## What you should do:
Restate word for word only the lines from the one with "100% Organic Cotton Sweater Set in Ivory" through the end of the records; no pictures belong in the copy.

## Data for analysis:
********

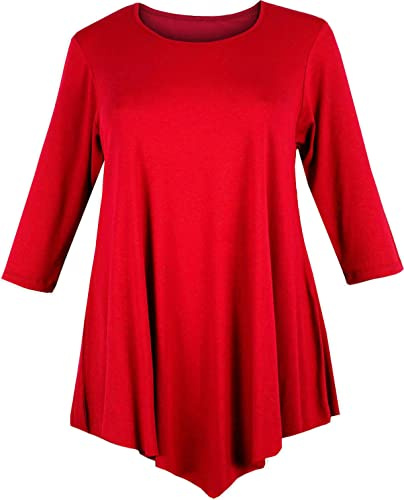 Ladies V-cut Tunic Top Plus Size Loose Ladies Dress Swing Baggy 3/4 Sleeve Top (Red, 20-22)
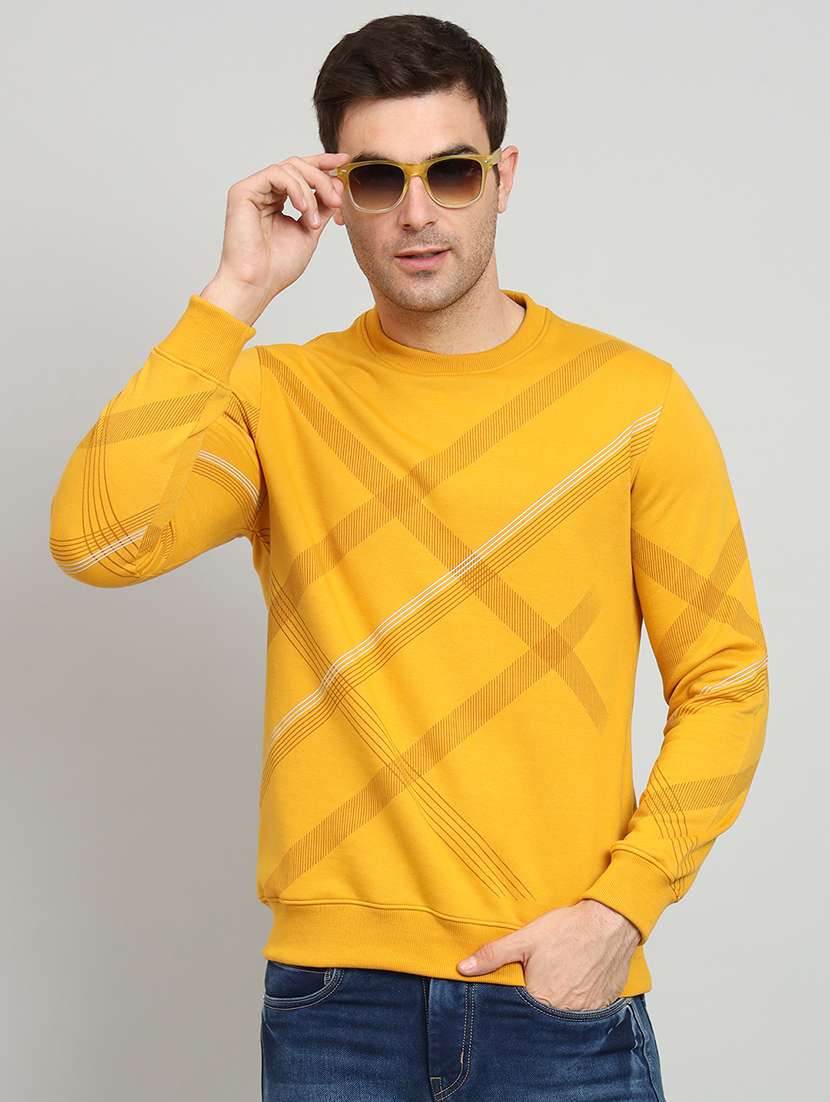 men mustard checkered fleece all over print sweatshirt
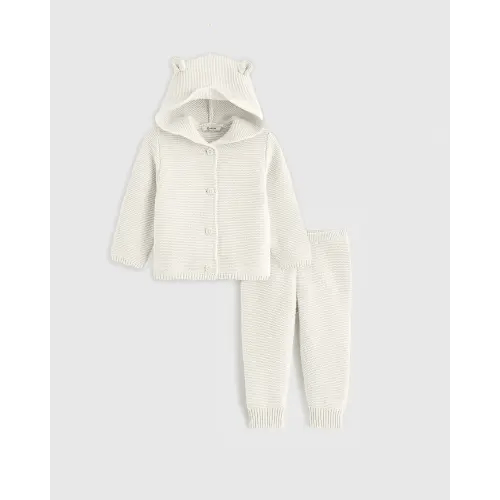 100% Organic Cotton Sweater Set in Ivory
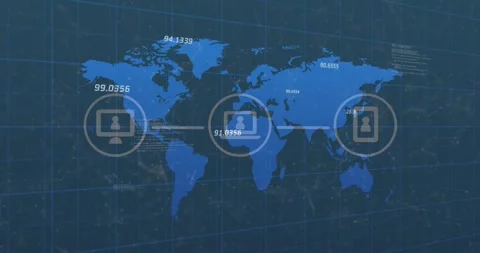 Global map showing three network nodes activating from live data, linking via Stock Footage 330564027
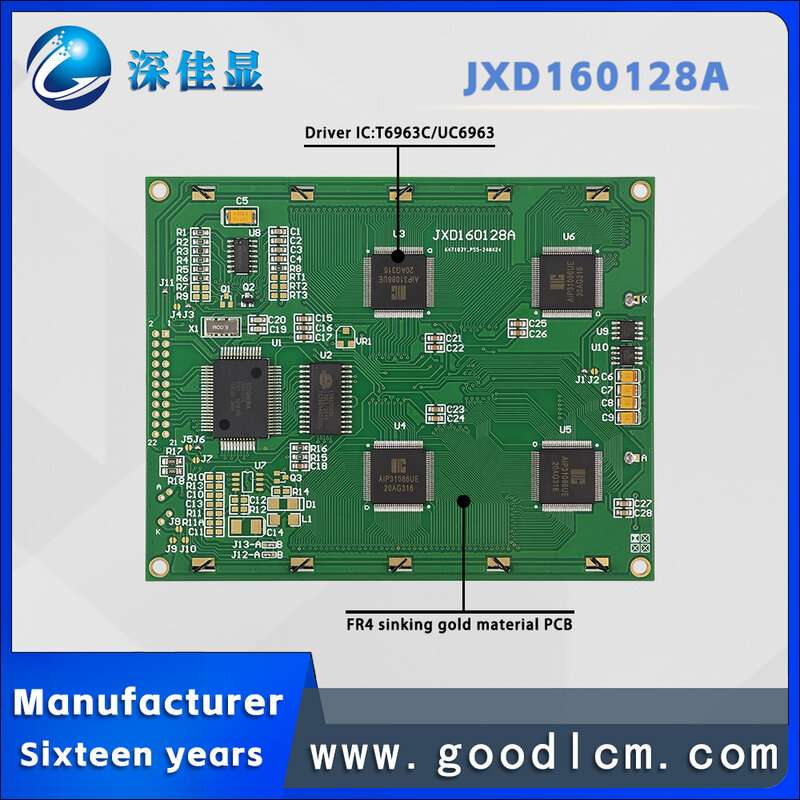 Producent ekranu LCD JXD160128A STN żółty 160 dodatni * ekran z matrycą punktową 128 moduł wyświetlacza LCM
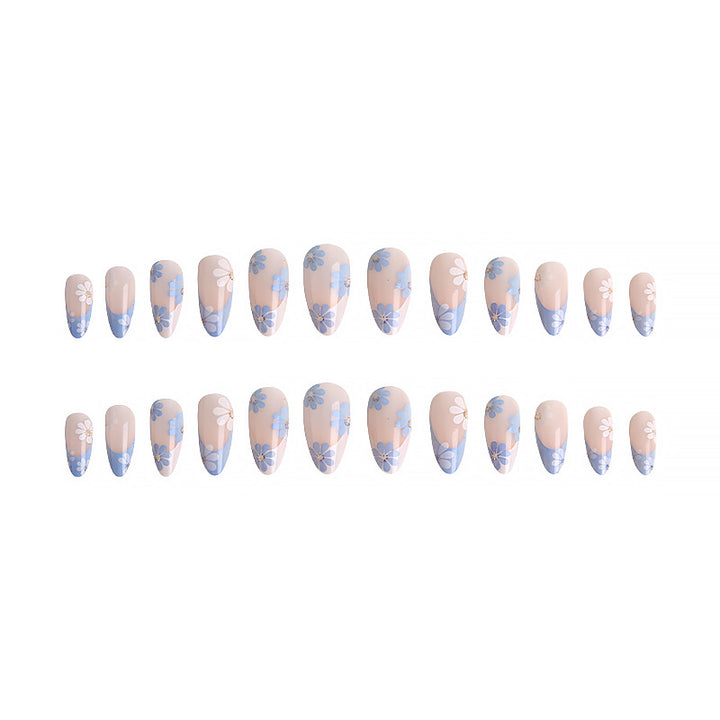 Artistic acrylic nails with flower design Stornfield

********

## Output of the task:
 100% Organic Cotton Sweater Set in Ivory
 Global map showing three network nodes activating from live data, linking via Stock Footage 330564027
 Producent ekranu LCD JXD160128A STN żółty 160 dodatni * ekran z matrycą punktową 128 moduł wyświetlacza LCM
 Artistic acrylic nails with flower design Stornfield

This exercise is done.